Êtes-vous LE bon manager pour transformer vos équipes ?
Avec Valentine Ferreol, nous faisons face aux mêmes challenges lorsque nous rejoignons une nouvelle organisation. Valentine est Directeur des SI et du Numérique et intervient en management de transition. De mon côté, j’interviens en tant que consultant en transformation auprès d’entreprises de toutes tailles. Elles font appel à nous pour mener des projets de transformation opérationnelle et culturelle.
Lorsque nous intervenons, nos premiers interlocuteurs sont les membres de la direction de l’entreprise. Ce sont eux qui ont perçu la nécessité de transformer tout ou partie de l'entreprise. Et ces leaders incarnent une culture managériale propre. Cette culture, ce mode de leadership, c’est la clé de voûte de la transformation à venir.
Car une transformation d’entreprise, c’est un moment de mise en tension des individus, des équipes et de l’organisation dans son ensemble. Pendant une transformation, on se remet en cause, on appuie là où ça fait mal, on ne met aucun sujet sous le tapis et on met temporairement l’organisation en déséquilibre. C’est un épisode qui peut être stressant et où le management joue un rôle incontournable pour motiver les individus à adopter de nouvelles manières de travailler.

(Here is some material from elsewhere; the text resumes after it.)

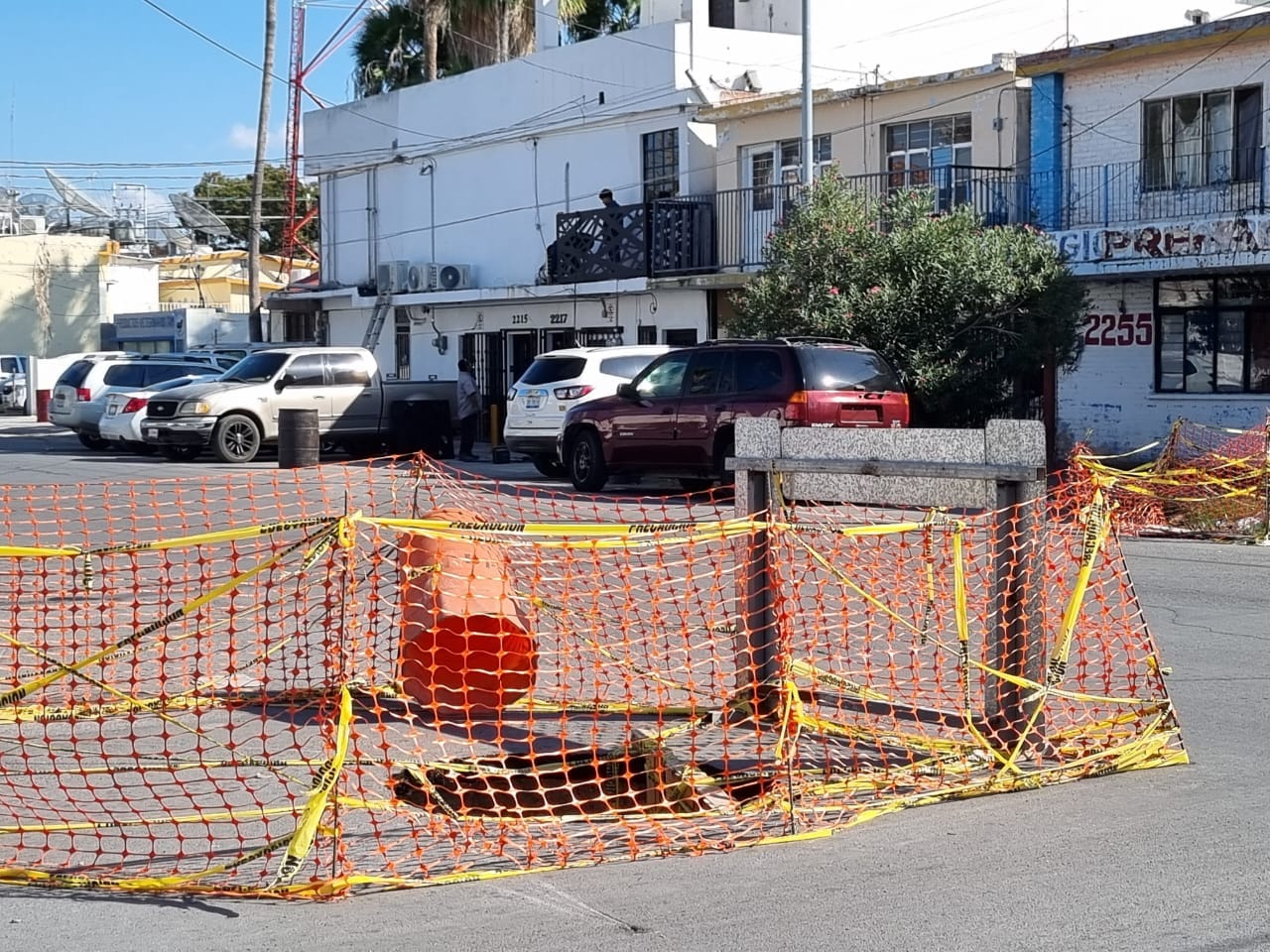 Socavones en la Aquiles Serdán: Una amenaza latente en pleno centro de Nuevo Laredo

Après plus de 15 ans à mener des transformations pour des organisations de toutes tailles et dans des secteurs économiques variés, nous faisons tous les deux les mêmes constats :
- d’abord, on ne démarre pas et on ne pilote pas une transformation de la même manière dans une entreprise de culture directive et dans une organisation de culture délégative
- ensuite, une direction incapable d’adapter son mode de leadership au cours de la transformation conduira celle-ci à l’échec
La culture managériale dominante est le principal facteur clé de succès ou d’échec de transformation d’une entreprise
Attention : il n’existe pas un unique type de leader qui soit capable d’amorcer et de mener à bien une transformation. Oublions tout de suite l’idée d’un super-héros type capable de faire grandir une organisation de manière rapide et fluide.

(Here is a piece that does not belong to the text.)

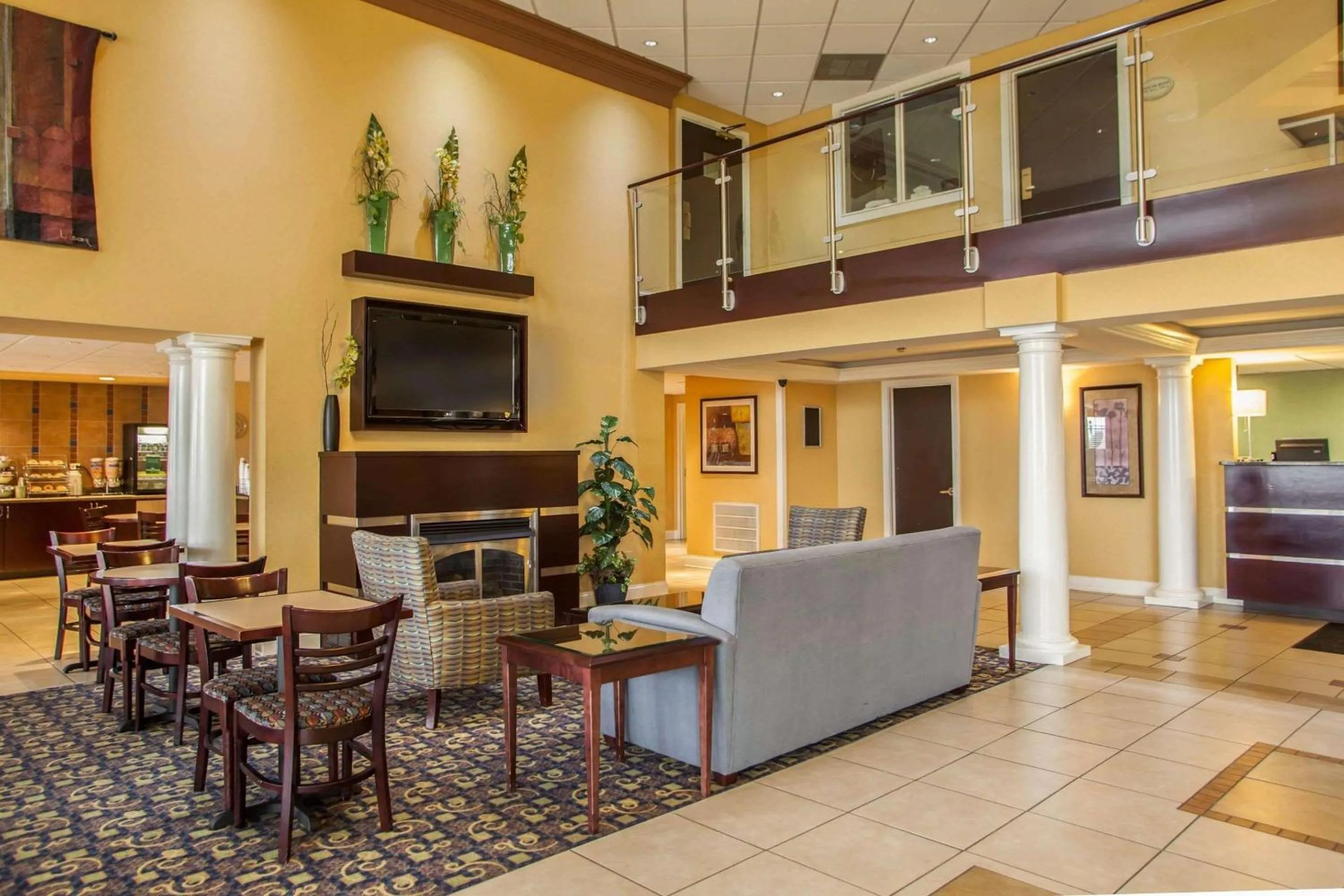 Lobby or reception in Quality Inn & Suites St Charles -West Chicago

Mais en tant que manager ou membre d’un groupe de managers, que votre périmètre soit petit ou très large, vous incarnez un certain type de leadership. Le connaître, savoir quel impact il a sur les équipes, identifier dans quel contexte il est efficace, et savoir le faire évoluer : ce sont des clés pour amorcer et réussir la transformation de l’édifice dont vous avez la responsabilité.
4 modes de management
Pour commencer, tentons de poser le cadre. Les études sur les différents types de culture managériale sont légions, depuis le début du XXème siècle. Nous vous proposons de nous inspirer du modèle posé par Ken H. Blanchard et Paul Hersey qui ont publié ensemble depuis les années 60 jusque dans les années 2000. Ensemble, ils ont théorisé 4 grands types de managements.
En tant que leader, ou que membre d’une équipe de leaders, vous vous retrouverez forcément dans un ou plusieurs des 4 comportements managériaux suivants :
Dans chaque organisation, l’un de ces comportements domine et définit ce que l’on appelle la culture managériale de l’entreprise.

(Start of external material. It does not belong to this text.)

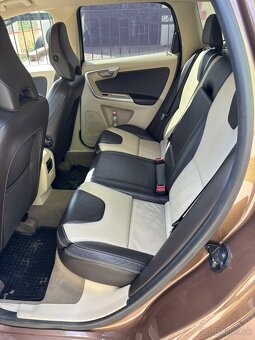 Volvo XC60 2.4D D5 AT/6 AWD - 11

Alors, quel type de culture managériale se rapproche le plus de celui de votre organisation ? Et comment vous en servir pour réussir à la transformer ?
Management directif : “Je suis seul maître à bord”
Dans mon périmètre, il y a un chef et un seul. C’est lui (ou elle) qui prend les décisions et les communique via la voie hiérarchique.
Les personnes qui travaillent avec le manager sont là pour les appliquer. Elles sont évaluées sur leur loyauté, leur capacité à faire appliquer les décisions efficacement.
Le chef est généralement respecté et craint. D’autant plus qu’il n’hésite pas à brandir la menace de sanctions pour parvenir aux résultats qu’il souhaite.
Avouons-le : ce mode de management directif n’est pas en odeur de sainteté. Il est perçu comme à contre-courant de la culture de l’empathie et du bien-être au travail. Pourtant, il est particulièrement efficace en situation de crise, de chaos, de survie : il permet de prendre des décisions intuitives, rapides et suivies par toutes et tous.
On n’a jamais vu un bateau dans la tempête se sauver grâce à l’action d’un comité
La communication se fait donc de manière top-down uniquement. Pour ces situations ou types de décisions, l’avis des membres des équipes ne compte, pour ainsi dire, pas.
Exemples de secteur d’activité où nous avons observé ce type de culture managériale :
- Cyber-risque
- Activités dans lesquelles la sécurité des personnes est en jeu comme le BTP
- Certaines start-ups dont le succès tourne autour du charisme du fondateur et sa capacité à prendre des décisions rapides
Une culture managériale directive est-elle adaptée pour faire pivoter votre organisation et réussir sa transformation ?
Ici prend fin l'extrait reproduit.